Serving the Homeless : Serve and be Served
“Giving food, clothes, or money is one of the ways to show your empathy, but simply being a friend gave them confidence and dignity,” Juanitasari Winaga – A volunteer from JPII Youth for Sant’Egidio “Serving the Homeless”.
My Friday night agenda on June 12th was quite different from my usual socializing or working activities. I, along with 20 volunteers from JPII Youth, participated in “Serving the Homeless,” a program by Sant’Egidio Community. Most of the social activities I have been involved with in relations to the homeless were centered in giving donations. This time, it was something different; we got to experience direct contact with them. Not only did we serve them food, but we also got to sit down together and chat with them.

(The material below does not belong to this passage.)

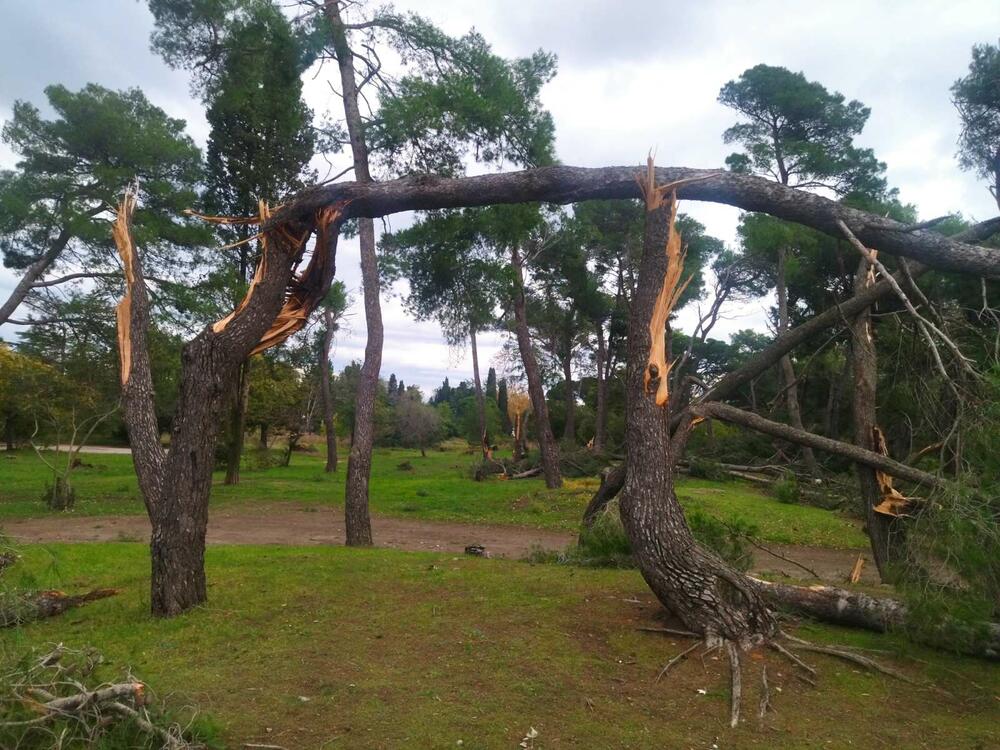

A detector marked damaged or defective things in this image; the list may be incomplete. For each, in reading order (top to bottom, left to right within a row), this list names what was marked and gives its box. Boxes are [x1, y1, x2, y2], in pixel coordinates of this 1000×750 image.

splintered wood [112, 188, 140, 388]
splintered wood [191, 201, 348, 356]
splintered wood [636, 155, 692, 408]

There were approximately 110 homeless in the area we went to and they are mostly scavenger hunters, street tailors, or simply beggars with various part-time jobs.
We started off with a brief introduction and praying session led by the Sant’Egidio Community to prepare us spiritually for our service. Afterwards, we were divided into four groups along with one leader each to serve in four different locations : Carrefour Hasyim Ashari, Tarakan 1, Tarakan 2, and Tarakan 3. Once we get to the location, we could see their excitement and delight in seeing their regular visitors from the program. We took turns introducing ourselves and gave each of them a dinner box and a glass of hot, sweet tea.
We took our time to talk to them about anything. Just like us, some are extrovert and some are introvert. They answered our questions happily and some even asked questions to us. A participant, Emiria, regretted the fact that many of those who are more well-to-do often hold negative stereotypes about the homeless, where in fact, once you get to communicate with them, they turned out to be friendly and interactive.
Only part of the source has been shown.